The crystal structure of the hydroxylase component of naphthalene 1,2-dioxygenase from Pseudomonas has been determined. The protein is an (αβ)_{3} hexamer. The β-subunit belongs to the
α+β class. It has no prosthetic groups and its role in catalysis is unknown. The α-subunit can be divided into two domains: a Rieske domain that contains the [Fe_{2}S_{2}] center and the catalytic domain that contains the active site mononuclear iron. The Rieske domain (residues 38-158) consists of four β-sheets. The overall fold is very similar to that of the soluble fragment of the Rieske protein from bovine heart mitochondrial cytochrome bc_{1} complex. In the [Fe_{2}S_{2}] center, Fe1 is coordinated by two cysteine residues (Cys-81 and Cys-101) while Fe2 is coordinated by N^{δ} atoms of two histidine residues (His-83 and His-104). The catalytic domain belongs to the α+β class and is dominated by a nine-stranded antiparallel β-sheet. The iron of the active site is located at the bottom of a narrow channel, approximately 15 Å from the protein surface. The mononuclear iron is coordinated by His-208, His-213, Asp-362 (bidentate) and a water molecule. The geometry can be described as a distorted octahedral with one ligand missing.
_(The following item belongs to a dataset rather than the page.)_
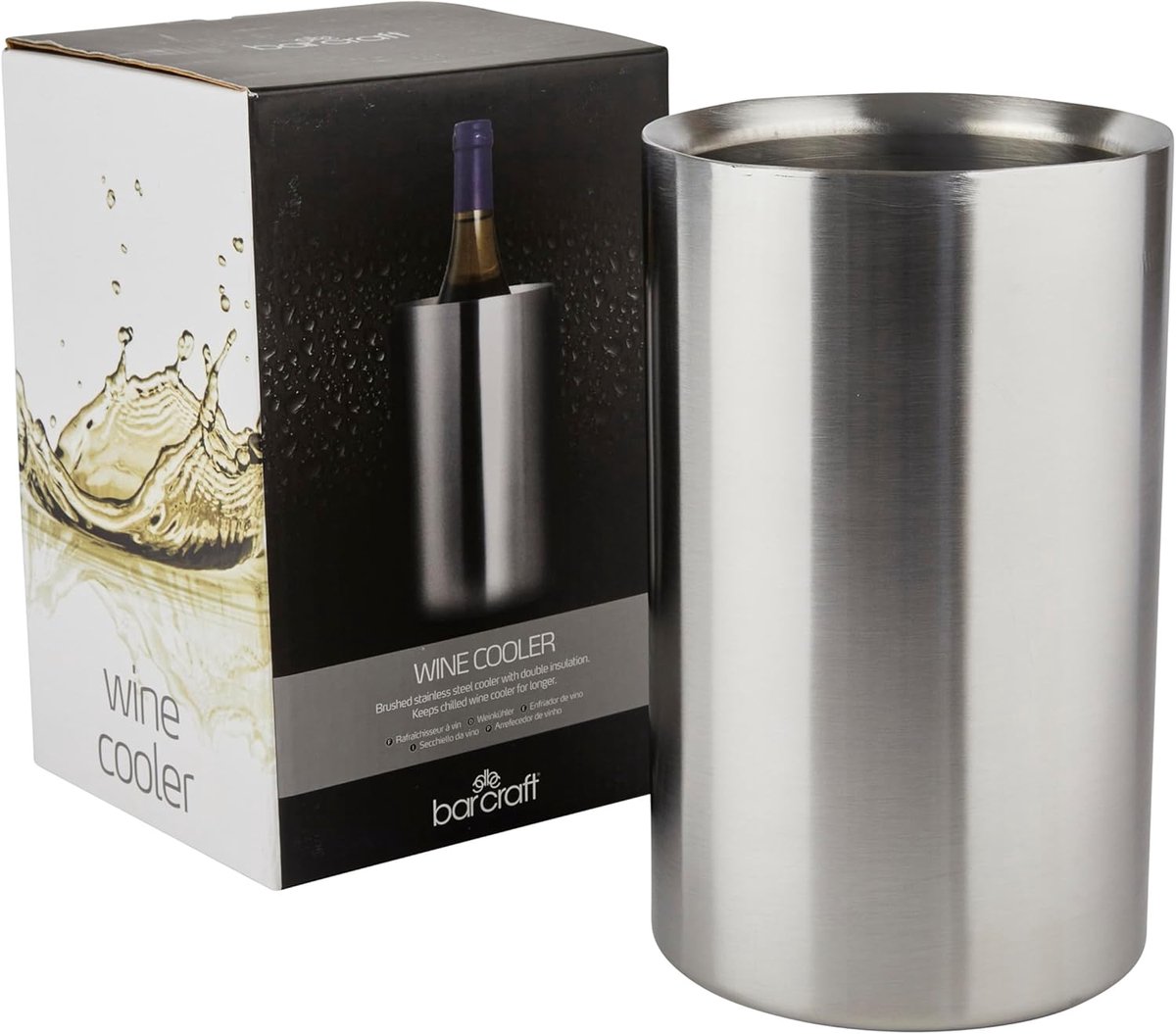 Wijnkoeler Geschenkverpakking Roestvrij Staal Zilverkleurig Eén Fles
The structure of the hexamer suggests cooperativity between adjacent α-subunits, where electrons from the [Fe_{2}S_{2}] center in one α-subunit (A) are transferred to the mononuclear iron in the adjacent α-subunit (B) through Asp_{B}-205, which is hydrogen-bonded to His_{A}-104 of the Rieske center and His_{B}-208 of the active site.